--- Material provided Enclosed Below ---

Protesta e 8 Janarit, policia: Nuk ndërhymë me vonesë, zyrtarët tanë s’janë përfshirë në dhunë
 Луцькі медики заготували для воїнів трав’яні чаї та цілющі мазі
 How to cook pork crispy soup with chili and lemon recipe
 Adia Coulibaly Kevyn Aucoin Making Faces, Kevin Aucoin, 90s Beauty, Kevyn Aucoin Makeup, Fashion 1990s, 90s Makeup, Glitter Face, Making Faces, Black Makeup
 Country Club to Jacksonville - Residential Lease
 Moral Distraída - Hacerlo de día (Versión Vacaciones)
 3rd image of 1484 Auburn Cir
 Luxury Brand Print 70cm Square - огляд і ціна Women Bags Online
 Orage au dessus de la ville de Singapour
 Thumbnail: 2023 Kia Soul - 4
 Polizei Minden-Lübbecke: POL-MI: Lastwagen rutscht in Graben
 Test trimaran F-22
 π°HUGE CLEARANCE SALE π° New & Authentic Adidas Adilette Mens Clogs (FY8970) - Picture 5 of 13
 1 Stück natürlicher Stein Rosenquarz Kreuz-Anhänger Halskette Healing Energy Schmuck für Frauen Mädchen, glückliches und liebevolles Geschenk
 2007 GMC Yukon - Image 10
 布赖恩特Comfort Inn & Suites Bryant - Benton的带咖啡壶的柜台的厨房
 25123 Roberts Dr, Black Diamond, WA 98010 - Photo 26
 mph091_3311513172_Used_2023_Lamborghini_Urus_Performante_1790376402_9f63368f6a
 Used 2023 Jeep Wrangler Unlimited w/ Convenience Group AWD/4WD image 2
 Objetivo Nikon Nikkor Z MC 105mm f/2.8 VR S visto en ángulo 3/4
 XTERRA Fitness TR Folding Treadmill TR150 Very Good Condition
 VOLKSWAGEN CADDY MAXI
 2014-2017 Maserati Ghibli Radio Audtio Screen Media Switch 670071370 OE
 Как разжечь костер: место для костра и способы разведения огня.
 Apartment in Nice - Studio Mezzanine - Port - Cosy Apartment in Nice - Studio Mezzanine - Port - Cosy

--- End of Enclosed Material provided ---

Write out the lines above, starting at the line that contains "Used 2023 Jeep" and ending with the final line, and nothing else; copy them exactly.

# Completed exercise
 Used 2023 Jeep Wrangler Unlimited w/ Convenience Group AWD/4WD image 2
 Objetivo Nikon Nikkor Z MC 105mm f/2.8 VR S visto en ángulo 3/4
 XTERRA Fitness TR Folding Treadmill TR150 Very Good Condition
 VOLKSWAGEN CADDY MAXI
 2014-2017 Maserati Ghibli Radio Audtio Screen Media Switch 670071370 OE
 Как разжечь костер: место для костра и способы разведения огня.
 Apartment in Nice - Studio Mezzanine - Port - Cosy Apartment in Nice - Studio Mezzanine - Port - Cosy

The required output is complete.